HIV-1 can establish a state of latency in the early stages of infection. The integration of viral cDNA into host chromosomes is a fundamental step, after which, viral genomes can persist for the lifespan of infected cell [1]. Despite combination antiretroviral therapy (cART), which can repress HIV-1 replication and delay the progression of AIDS, HIV-1 reemerges rapidly after an interruption in treatment [2, 3]. Due to the long half-life of viral reservoirs, it has been reported that the eradication of HIV-1 with current drugs would require over 60 years [4]. The transcription of HIV-1 genome depends on both viral and cellular factors [5]. The activity of HIV promoter is closely connected to the activation of host cells [6]. Additionally, gene expression of HIV-1 latency can be dynamically regulated through epigenetic changes in chromatin structure surrounding and within integrated HIV-1 provirus [7, 8]. In particular, acetylation and methylation have considered as critical elements of chromatin activity and play a critical role in gene regulation [9]. Recently, Park et al. [10] generated the genome-wide maps of histone modifications for histone 3 lysine 4 trimethylated (H3K4me3) and histone 3 lysine 9 acetylated (H3K9ac) using HIV-1 latently infected cells and uninfected cells. They found that histone modification near HIV-1 integrated regions did not show significantly different patterns compared with control and that the enrichment of histone modification was generally no difference before and after HIV-1 integration. In addition, HIV-1 is able to establish interchromosomal interactions to control viral transcription [11]. Although many studies have reported that an epigenetic mechanism is strongly involved in the maintenance of HIV-1 transcriptional latency [12,13,14,15,16], neither the epigenetic control of viral replication nor how HIV-1 latency is maintained is not fully understood.
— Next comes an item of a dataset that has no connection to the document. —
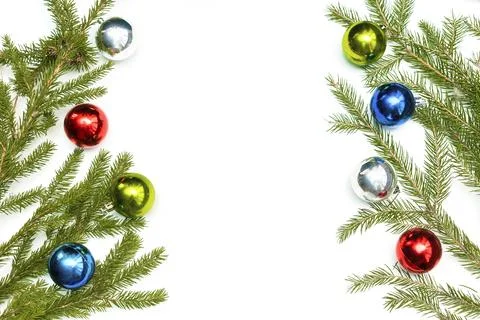 Christmas composition with empty frame of colorful balls and fir-tree branc.. Stock Photos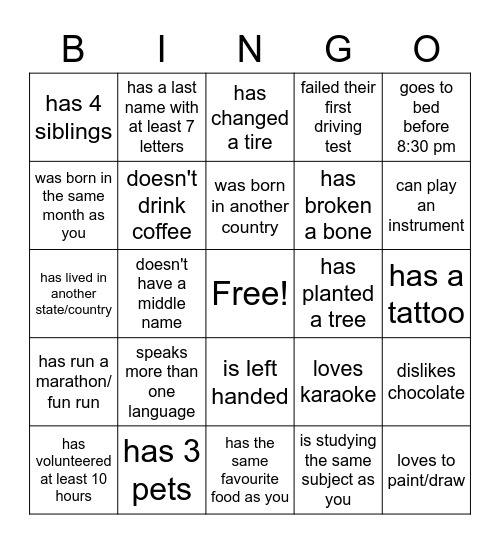 Find someone who... Bingo Card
Here, we re-analyzed chromatin immunoprecipitation-high throughput parallel DNA sequencing (ChIP-seq) data from Park et al. in AIDS [10] to examine the effect of histone modifications on HIV-1 latency in terms of chromosomal distribution and to find novel genes related to HIV-1 latency.

Results

Chromosomal distribution of enriched histone binding sites in HIV-1 latently infected cells

To identify binding sites of histone modifications such as H3K4me3 and H3K9ac, ChIP-seq data was obtained from the Gene Expression Omnibus (GEO) data repositories (GSE58246). Spatial clustering for identification of ChIP-enriched regions (SICER) 1.1 [17] was used to find differentially enriched histone islands. The number of decreased islands at H3K4me3 and H3K9ac histone modifications ranged from 1587 to 13,173 in HIV-1 latently infected cells (ACH2, NCHA1, and J1.1 cells). Increased islands ranged from 2078 to 9875 (Table 1). These results suggest that the binding sites of histone modifications may differ according to cell lines. Next, to determine the binding distribution pattern of H3K4me3 and H3K9ac across individual chromosomes, the cis-regulatory element annotation system (CEAS) software [18] was used with the decreased and increased island data (Fig. 1). Significant chromosomes were determined as those with a p value <104, those with a ratio of histone modification binding percentage to genome background binding percentage on each chromosome >1.3 and those showing both decreased and increased islands together in all HIV-1 latently infected cells. Chromosomes 16, 17, 19, and 22 were selected by these criteria for comparison of decreased and increased islands on the same chromosome (Additional files 1, 2, 3, and 4). The results suggested that histone modifications binding to host genomes are non-random and preferentially bind to specific chromosomes.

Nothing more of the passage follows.